### Data provided ###

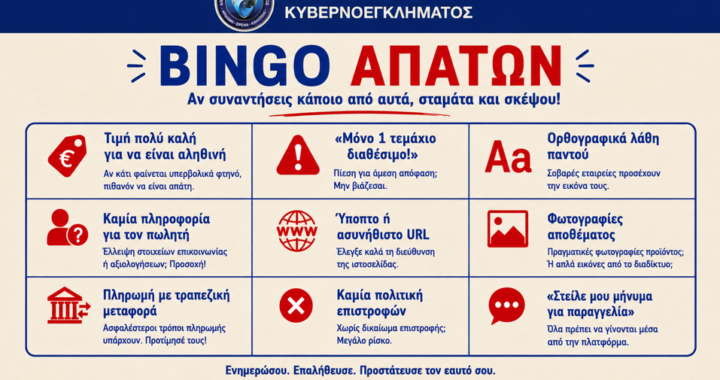 Οι απατεώνες δεν βασίζονται στην τύχη
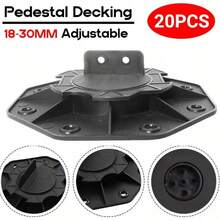 20Pcs Adjustable Decking Pedestal Riser Bearing Support 18mm - 30mm - 18mm - 30mm - View 4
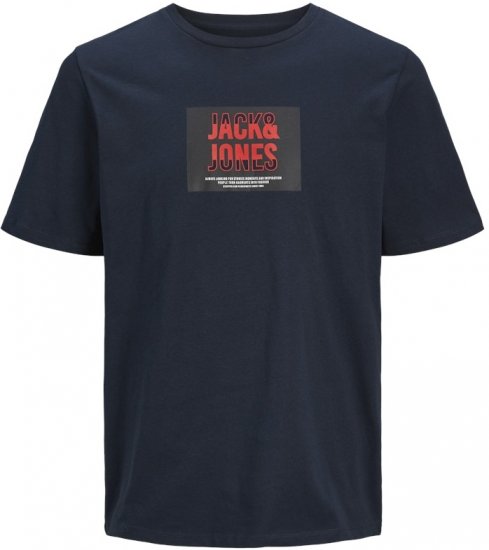 Jack & Jones Hudson Crew Neck T-Shirt Navy - T-shirts - T-shirts Homem Tamanhos Grandes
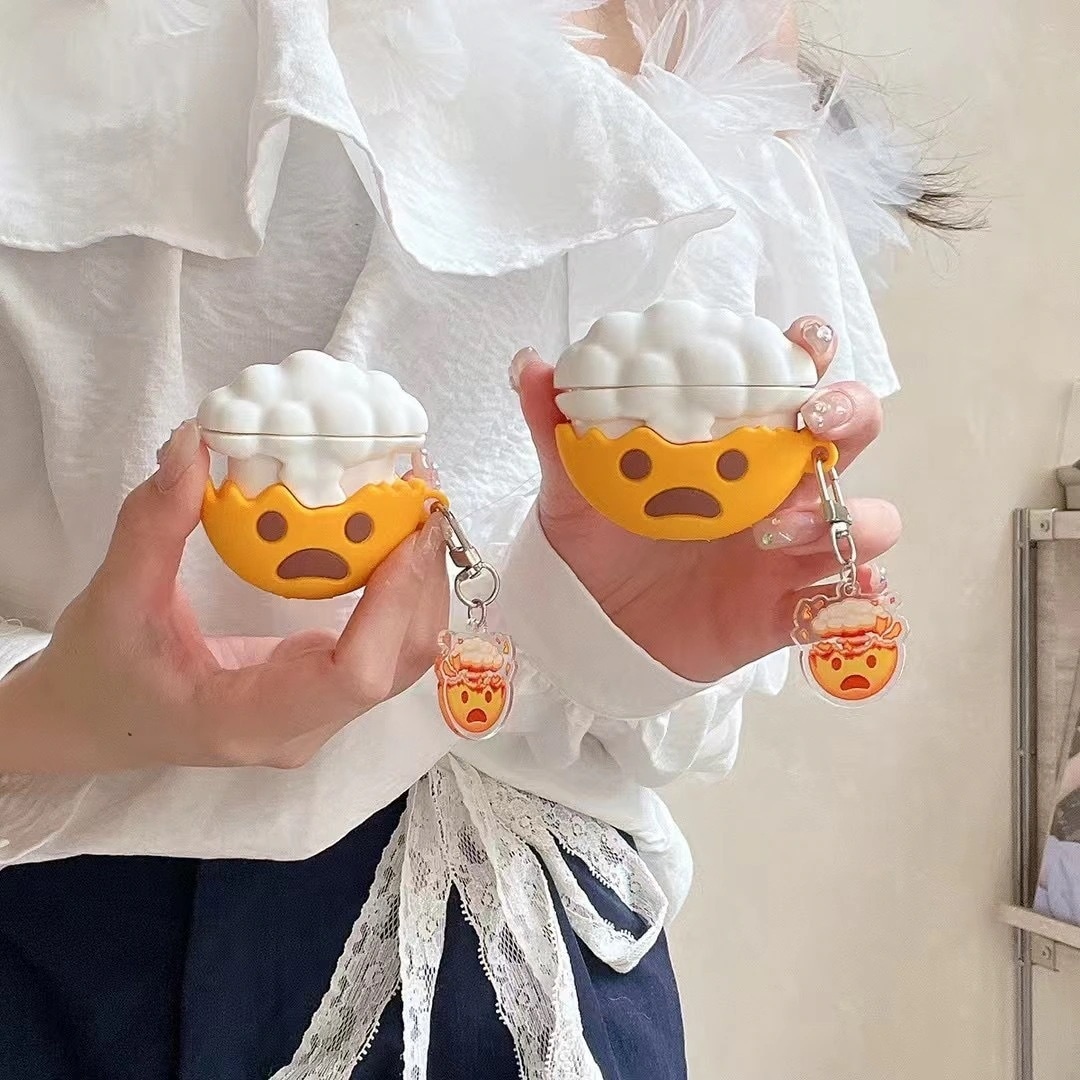 【20点セット】【送料無料】創意爆発ヘッドairpods proアップルBluetoothイヤホンケース234世代カートゥーン保護カバーの適用を怪しむ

###

All of the data, minus its pictures, should be repeated exactly.

 Οι απατεώνες δεν βασίζονται στην τύχη
 20Pcs Adjustable Decking Pedestal Riser Bearing Support 18mm - 30mm - 18mm - 30mm - View 4
 Jack & Jones Hudson Crew Neck T-Shirt Navy - T-shirts - T-shirts Homem Tamanhos Grandes
 【20点セット】【送料無料】創意爆発ヘッドairpods proアップルBluetoothイヤホンケース234世代カートゥーン保護カバーの適用を怪しむ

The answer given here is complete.